> Exercise requirements
Where a picture appears, skip it and copy everything else in the listing exactly.

> Source material
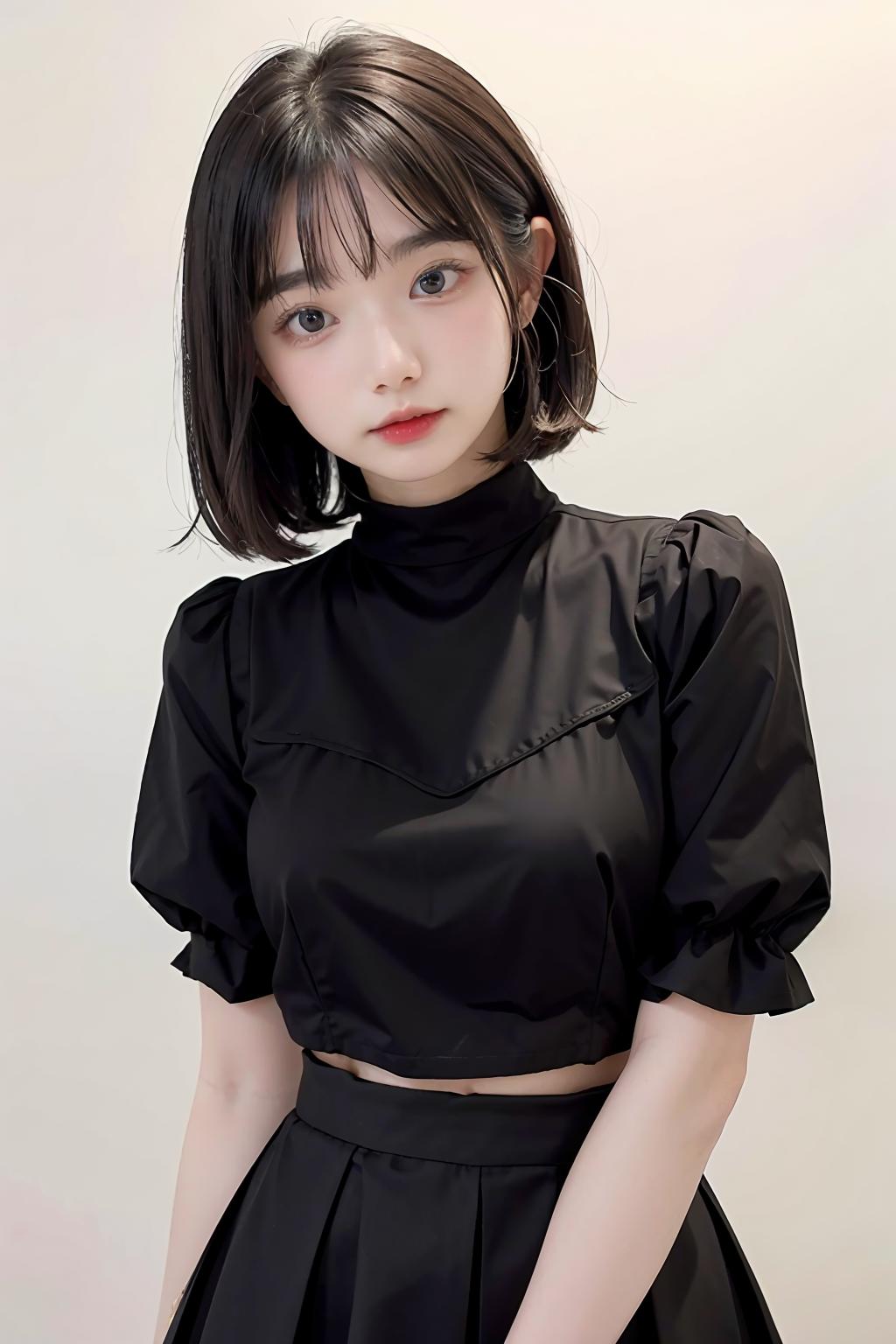_ttqueen Instagram Tiktok_Vietnamese v1.0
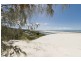 26 Williams Avenue, Fraser Island QLD 4581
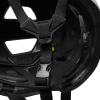 imageFox Racing Youth Mainframe Mountain Bike HelmetWhite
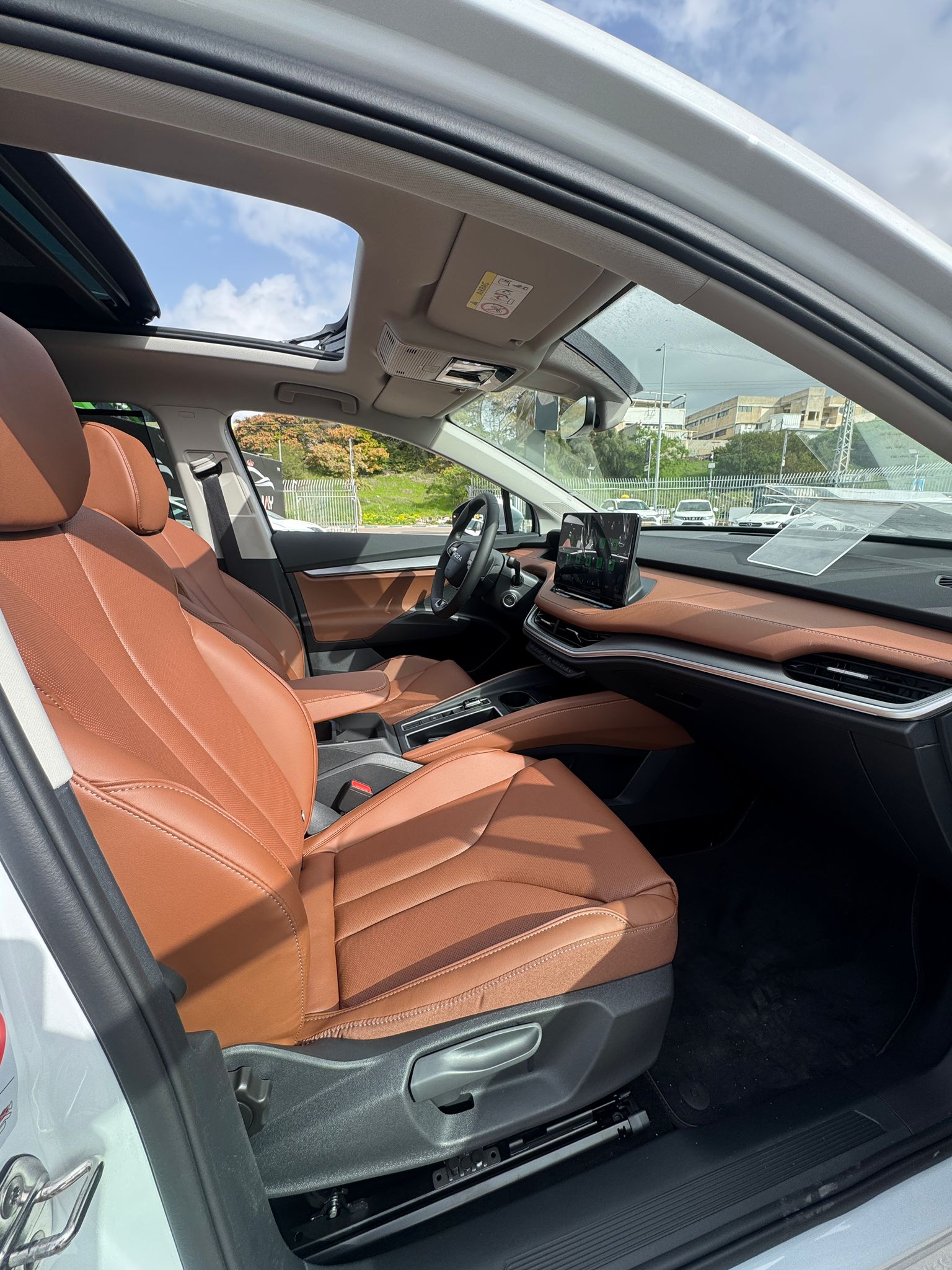 faf0f21f667a62f0fb345605b8db0fdf_Expires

> Written response
_ttqueen Instagram Tiktok_Vietnamese v1.0
 26 Williams Avenue, Fraser Island QLD 4581
 imageFox Racing Youth Mainframe Mountain Bike HelmetWhite
 faf0f21f667a62f0fb345605b8db0fdf_Expires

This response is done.